→ Work to complete
In the data below, find the line that contains "Ordenador AURA Limited-PC" and the line that contains "Salopetă-pantalon alb ABSORBA fată". Copy both, plus every line between them, exactly.

→ Stored data

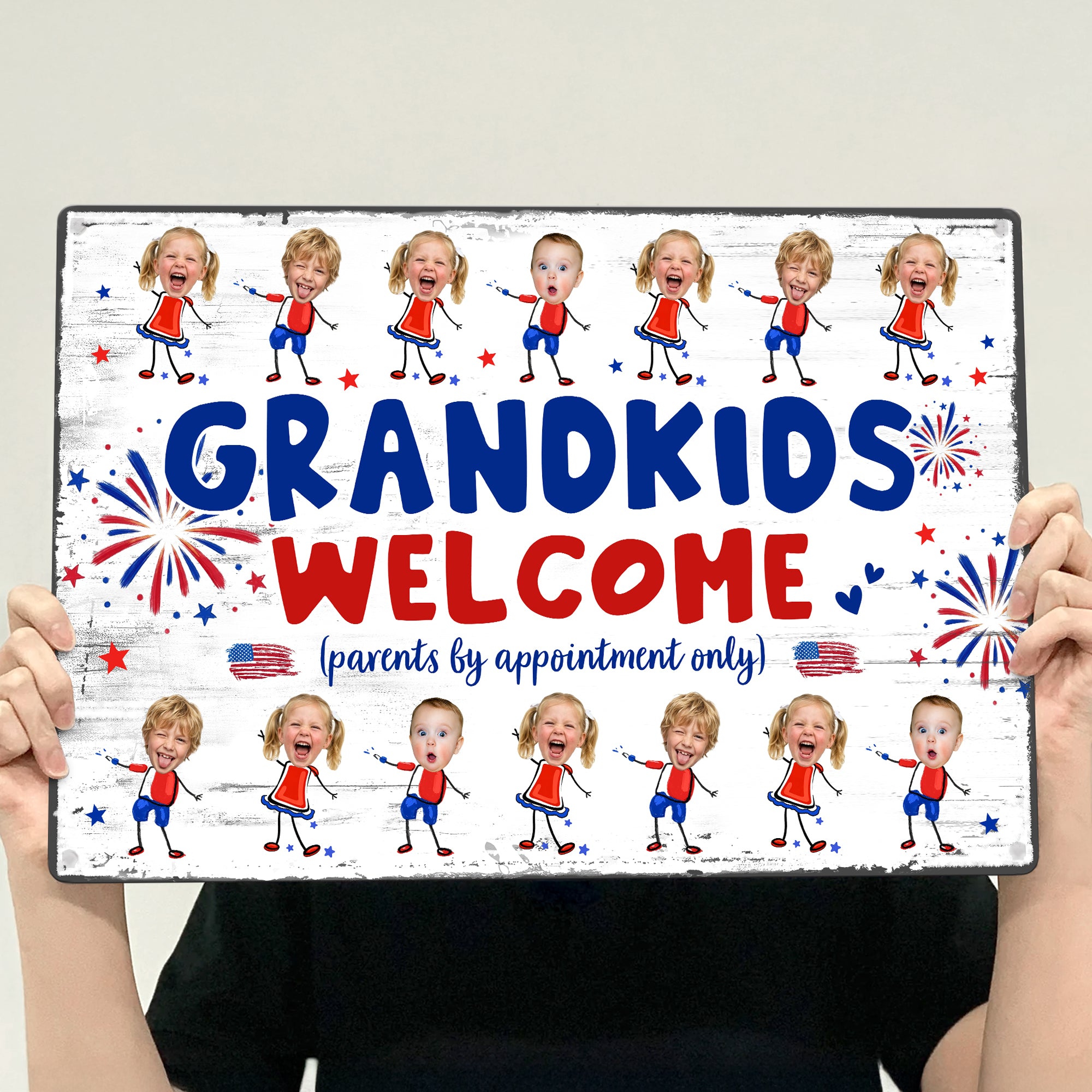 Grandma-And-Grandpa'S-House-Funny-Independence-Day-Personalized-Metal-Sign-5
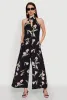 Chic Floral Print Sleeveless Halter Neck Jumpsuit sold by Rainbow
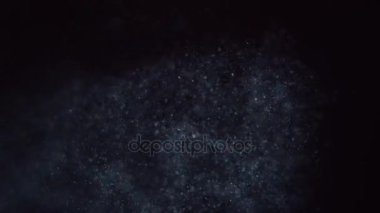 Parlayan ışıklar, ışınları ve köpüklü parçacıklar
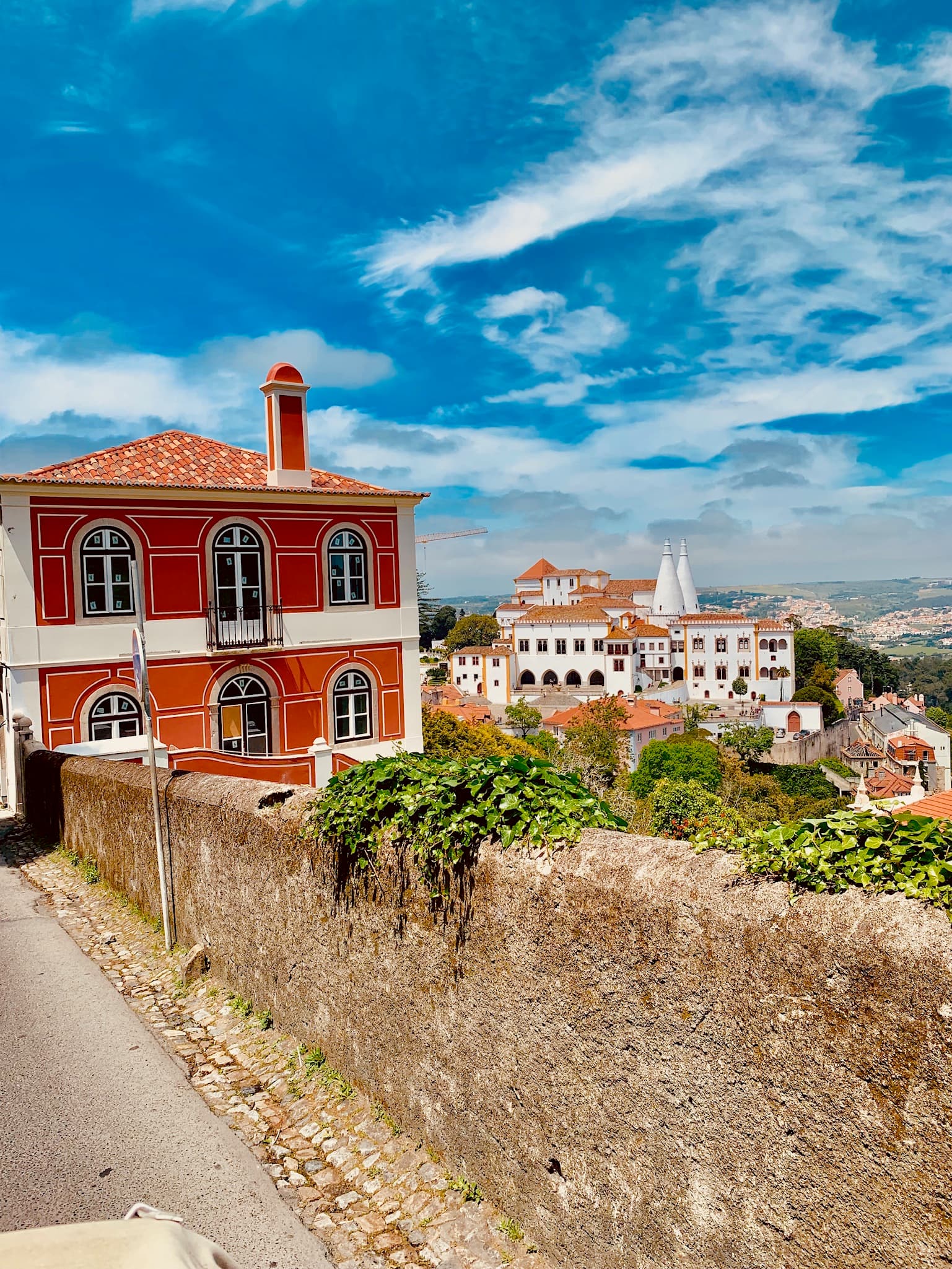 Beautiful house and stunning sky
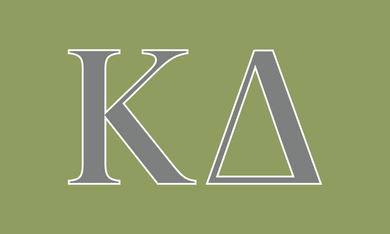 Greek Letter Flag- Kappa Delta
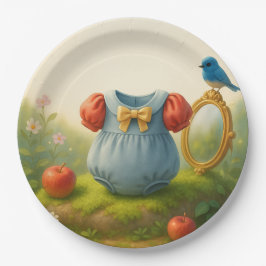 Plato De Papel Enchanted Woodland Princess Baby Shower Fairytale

==

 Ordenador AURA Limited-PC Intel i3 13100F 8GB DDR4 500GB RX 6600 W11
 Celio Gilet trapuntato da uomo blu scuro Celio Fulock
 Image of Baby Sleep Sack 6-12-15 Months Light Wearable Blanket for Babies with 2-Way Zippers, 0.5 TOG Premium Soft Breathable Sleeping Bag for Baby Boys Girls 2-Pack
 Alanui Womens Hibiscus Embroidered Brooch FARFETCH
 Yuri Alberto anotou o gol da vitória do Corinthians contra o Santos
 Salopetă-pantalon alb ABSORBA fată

---

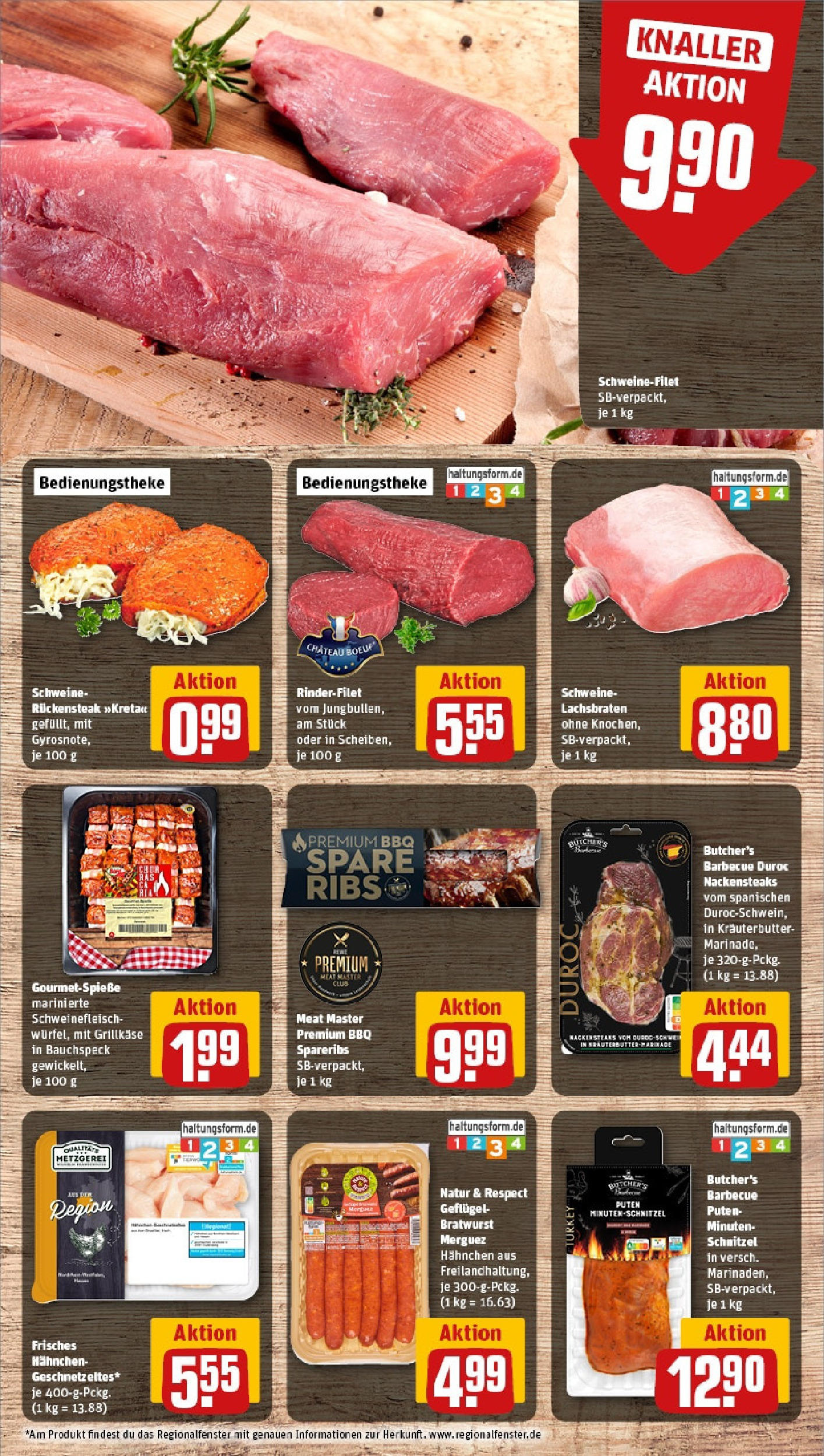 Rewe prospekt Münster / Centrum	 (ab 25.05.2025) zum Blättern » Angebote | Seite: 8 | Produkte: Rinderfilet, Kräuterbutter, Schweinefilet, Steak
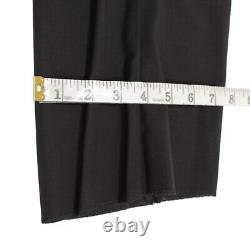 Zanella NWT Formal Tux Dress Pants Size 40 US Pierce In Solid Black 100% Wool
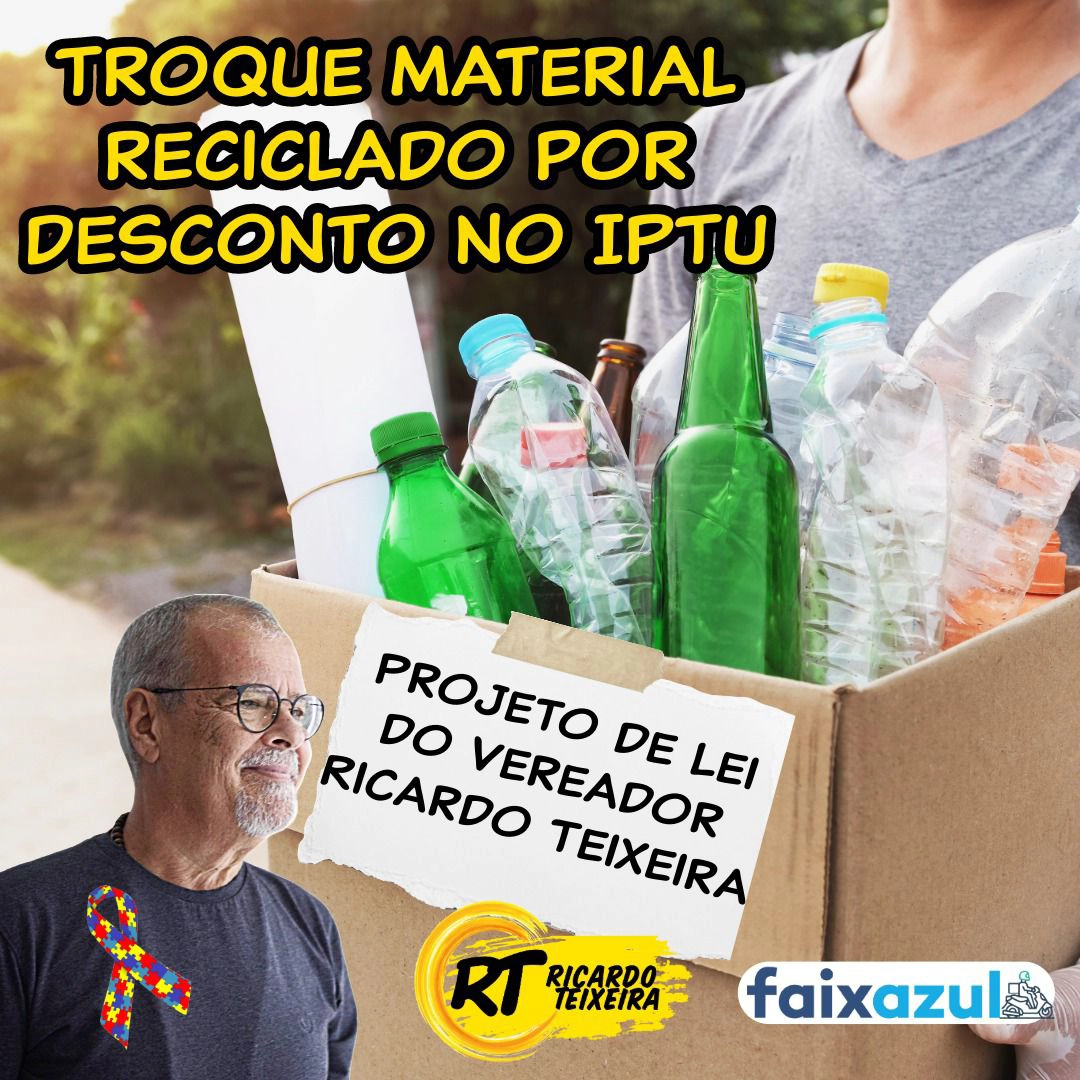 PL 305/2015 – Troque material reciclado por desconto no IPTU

→ Response
 Ordenador AURA Limited-PC Intel i3 13100F 8GB DDR4 500GB RX 6600 W11
 Celio Gilet trapuntato da uomo blu scuro Celio Fulock
 Image of Baby Sleep Sack 6-12-15 Months Light Wearable Blanket for Babies with 2-Way Zippers, 0.5 TOG Premium Soft Breathable Sleeping Bag for Baby Boys Girls 2-Pack
 Alanui Womens Hibiscus Embroidered Brooch FARFETCH
 Yuri Alberto anotou o gol da vitória do Corinthians contra o Santos
 Salopetă-pantalon alb ABSORBA fată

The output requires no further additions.